O povo não é bobo. Não irá às ruas para atender ao chamado de alguns setores das elites porque sabe que a corrupção está entranhada na burguesia brasileira. Basta pedir a apuração e punição dos corruptores do setor privado junto ao estatal para que as vozes que se dizem combater a corrupção diminua, sensivelmente, em quantidade e intensidade.

Por que não vemos indignação contra a corrupção?

Há indignação sim. Mas essa indignação está, praticamente restrita à esfera individual, pessoal, de cada brasileiro. O poderio dos aparatos ideológicos do sistema e as políticas governamentais de cooptação, perseguição e repressão aos movimentos sociais, intensificadas nos governos neoliberais, fragilizaram os setores organizados da sociedade que tinham a capacidade de aglutinar a canalizar para as mobilizações populares as insatisfações que residem na esfera individual.

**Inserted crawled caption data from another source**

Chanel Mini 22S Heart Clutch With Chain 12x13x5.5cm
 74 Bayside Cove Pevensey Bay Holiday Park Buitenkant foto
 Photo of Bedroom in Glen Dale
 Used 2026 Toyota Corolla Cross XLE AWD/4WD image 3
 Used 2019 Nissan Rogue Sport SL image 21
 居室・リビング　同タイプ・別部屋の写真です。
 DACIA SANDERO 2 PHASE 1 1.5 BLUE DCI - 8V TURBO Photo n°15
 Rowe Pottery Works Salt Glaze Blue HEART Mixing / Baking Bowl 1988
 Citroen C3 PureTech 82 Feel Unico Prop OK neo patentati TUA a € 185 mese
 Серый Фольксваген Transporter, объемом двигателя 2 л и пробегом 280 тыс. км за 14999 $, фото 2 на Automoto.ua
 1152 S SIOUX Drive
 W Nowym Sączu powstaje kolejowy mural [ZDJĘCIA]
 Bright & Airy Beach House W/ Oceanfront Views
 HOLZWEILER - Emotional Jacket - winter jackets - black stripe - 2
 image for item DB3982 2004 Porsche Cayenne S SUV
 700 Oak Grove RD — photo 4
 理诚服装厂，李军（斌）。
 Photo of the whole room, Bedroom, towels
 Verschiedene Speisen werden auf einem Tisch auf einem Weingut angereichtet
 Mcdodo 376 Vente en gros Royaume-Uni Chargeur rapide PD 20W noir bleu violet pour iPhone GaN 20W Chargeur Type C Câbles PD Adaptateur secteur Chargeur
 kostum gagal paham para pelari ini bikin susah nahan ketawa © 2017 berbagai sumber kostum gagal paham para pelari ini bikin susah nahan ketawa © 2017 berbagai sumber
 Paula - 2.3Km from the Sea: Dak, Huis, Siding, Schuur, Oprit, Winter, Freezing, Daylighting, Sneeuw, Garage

Esse cenário mudará. E povo voltará a fazer política nas ruas e, inclusive, para combater todas as práticas de corrupção, seja de que governo for. Quando isso ocorrer, alguns que querem ver o povo nas ruas agora assustados usarão seus azedos blogs para exigir que o povo seja tirado das ruas.

As multidões vão às ruas pela marcha da maconha, MST, Parada Gay...e por que não contra a corrupção?

Porque é preciso ter credibilidade junto ao povo para se fazer um chamamento popular. Ter o monopólio da mídia não é suficiente para determinar a vontade e ação do povo. Se fosse assim, os tucanos não perderiam uma eleição, o presidente Hugo Chávez não conseguiria mobilizar a multidão dos pobres em seu país e o governo Lula não terminaria seus dois mandatos com índices superiores a 80% de aprovação popular.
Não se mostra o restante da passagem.